I use the same signal path and microphones I would as if I were recording vocals for a musical project. That gear includes vintage Neve mic preamp’s, API Mic Pre’s, Universal Audio 1176 compressor, Retro Tube Compressor, Neumann Tube M146, Neumann U87, AKG 414, Shure SM7.
Due to some subjects not being able to make it to the studio, I record on location using a Tascam DR–40 PCM recorder with two Audio-Technica AT803 clip on condenser mics or a Pro Tools rig at that location.
The Recording: I wasn’t previously trained or experienced as an interviewer before I started doing Room Tone but I find that, just like in a recording session, the vibe is very important in getting a comfortable, insightful and interesting conversation.
It seems the most important part of the recording set up is that the guest is comfortable, has good sight lines and a comfortable headphone mix. Guests that are not involved in the recording industry are new to the process of recording and are excited to hear their voices (and mine) so clear and precise.
Some of my guests come in twos (EDM Duo Peking Duk, chef and restaurateur partners Johanne Killeen and George Germon of Il Forno and Hugue Dufour and Sarah Obraitis of M Wells) so I’ve tried several techniques including a single mic in a figure 8 pattern with the guests facing one another, a single mic in a cardioid pattern with the guests facing me, and recently using two clip-on lavaliere type mics.
Editorial: I record and edit the podcast interviews in Pro Tools. If I recorded interviews on location with the Tascam DR–40, I transfer those files into Pro Tools for editing. I add an intro and outro to each interview with voiceover and music and Pro Tools works well for that as well.

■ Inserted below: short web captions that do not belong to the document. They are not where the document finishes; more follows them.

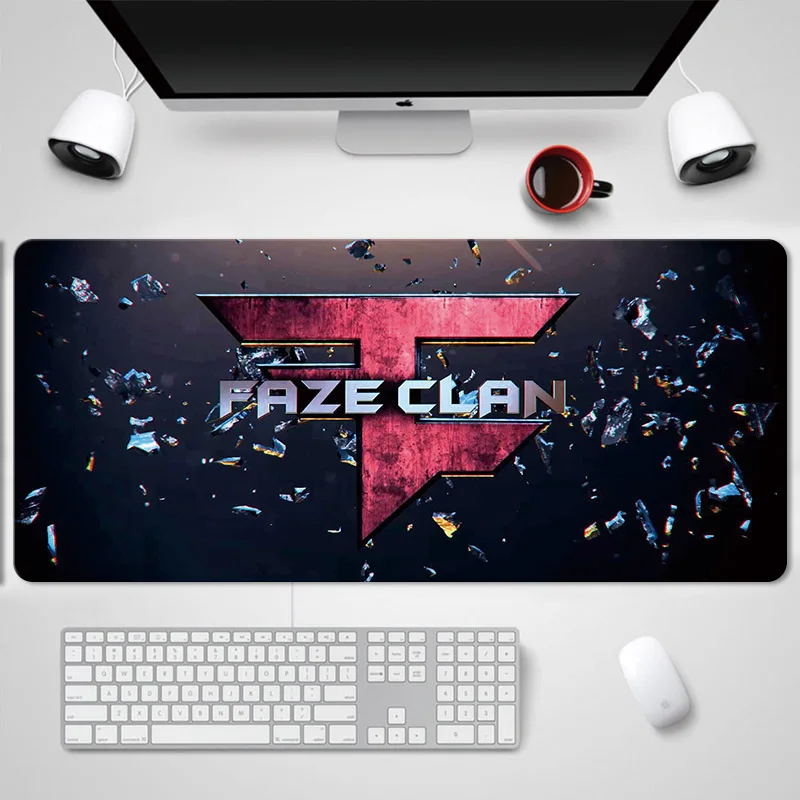 

Pbpad store gaming mouse pad lock edge non-slip mousepad computer mouse pad keyboard mat mass effect large mouse pad desk mat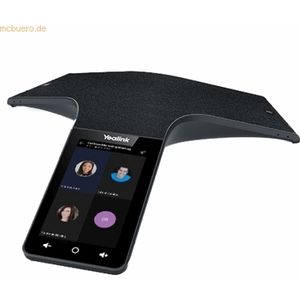 Yealink CP965 Microsoft Teams Edition IP-conferentietelefoon
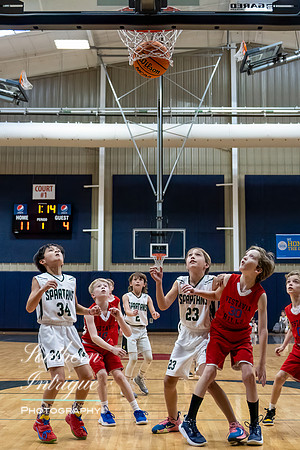 Mountain Brook Flash Basketball 3rd Grade-13720230212160546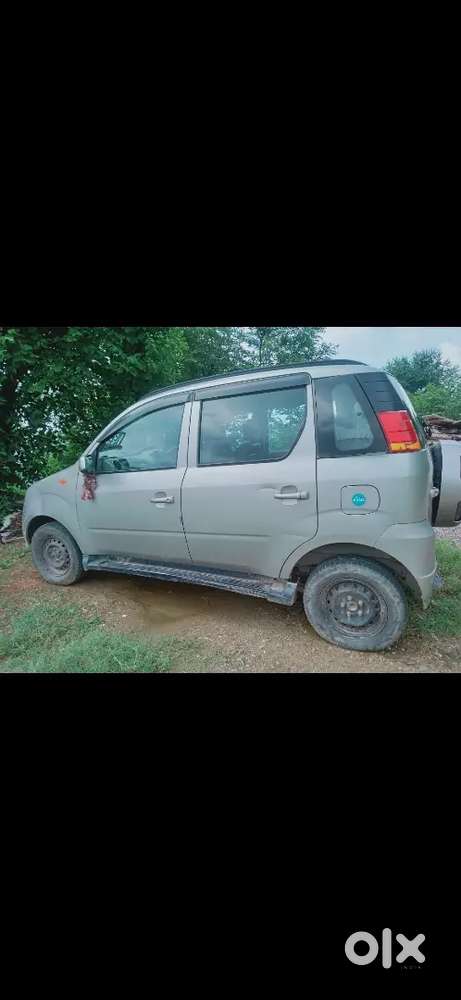 Mahindra Quanto 1.5 C2 Diesel 2014
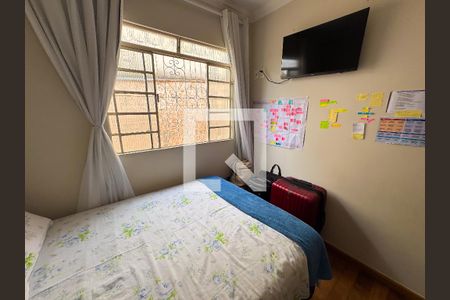 Casa à venda com 200m², 4 quartos e 3 vagasQuarto 3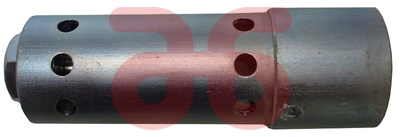 Branderkop 30mm heetstoker a13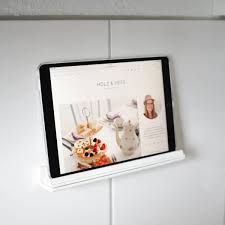 Diy Tablethalterung Ipad Tablet Halter Kuche Tablet Halterung Ipad Halterung Tablet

I’ve been using Pro Tools for music production since it first came out so am very comfortable working in that platform. I find shuffle mode very helpful (if not a bit dangerous!) when editing the interviews. Working with the two tracks of the conversation, shuffle mode helps me edit without throwing the tracks out of alignment.
Editing a conversation needs to be very precise as you don’t have thundering drums or loud guitars to cover your bad edits! Breaths, background noise and talking over one another makes things interesting.
I found to keep an interview interesting, I think of it just as if I was producing a great song. You create a comfortable flow, take out some boring bits and keep it interesting and exciting throughout, building to a satisfying end. A lot of those things happen during the interview itself and depend on the guest, but postproduction editing helps as well.